> [WHAT YOU ARE ASKED TO DO]
Below are records with pictures. Transcribe exactly, and only, the lines from the line with "아로셀 슈퍼 콜라겐 랩핑 마스크 80ml (1개)_이미지" to the line with "Auto Hero Tezos", both ends included, but not the pictures.

> [DATA EXTRACTS]

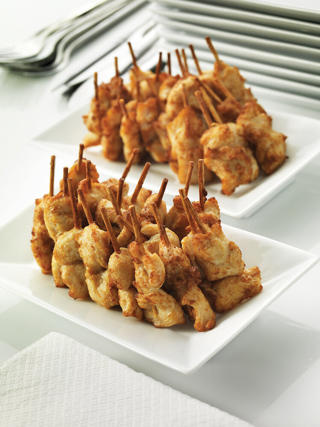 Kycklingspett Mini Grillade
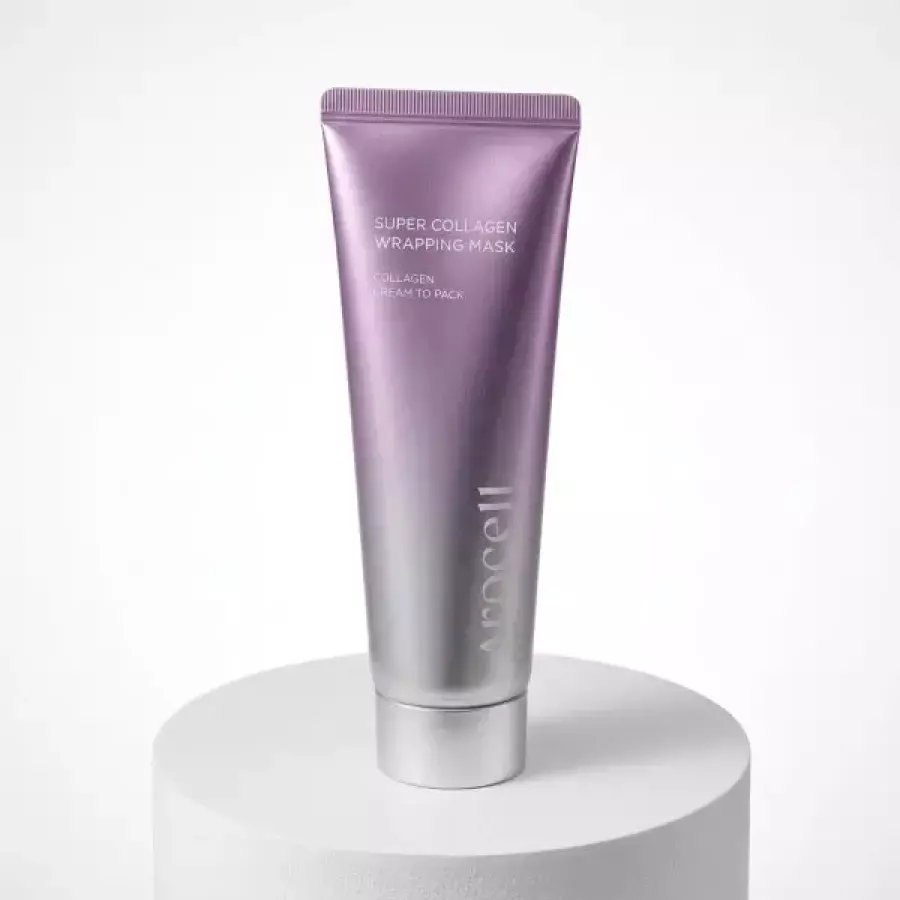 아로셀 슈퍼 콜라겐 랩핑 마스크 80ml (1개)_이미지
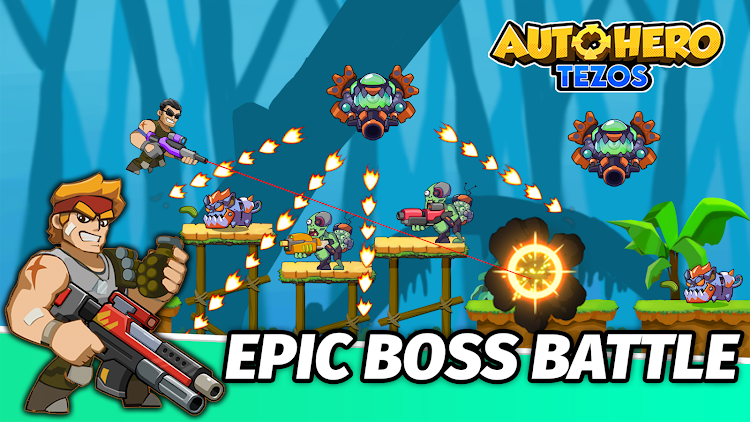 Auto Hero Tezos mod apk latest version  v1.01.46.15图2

--

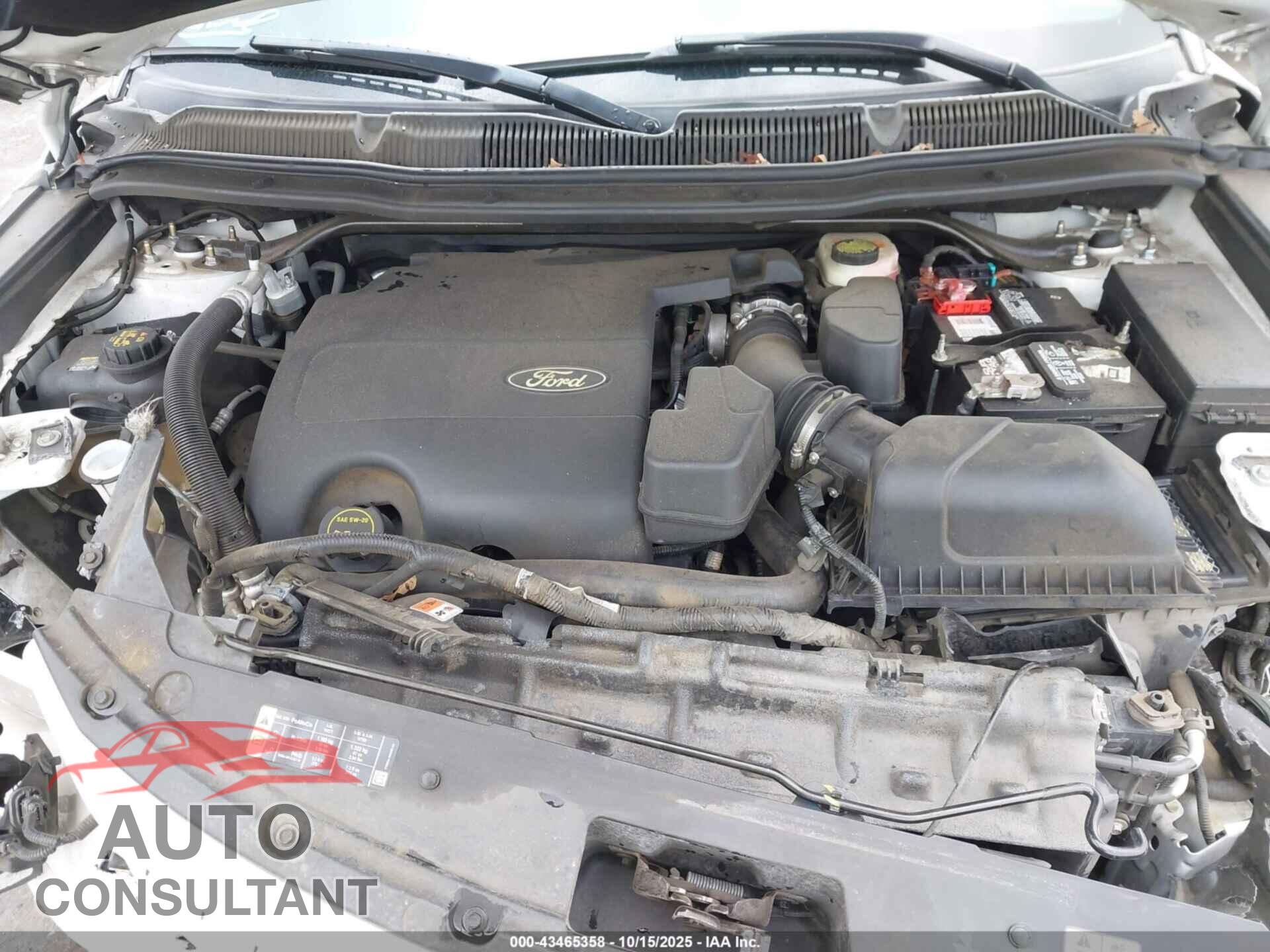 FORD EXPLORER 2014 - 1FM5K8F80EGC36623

> [YOUR RESPONSE]
 아로셀 슈퍼 콜라겐 랩핑 마스크 80ml (1개)_이미지
 Auto Hero Tezos mod apk latest version  v1.01.46.15图2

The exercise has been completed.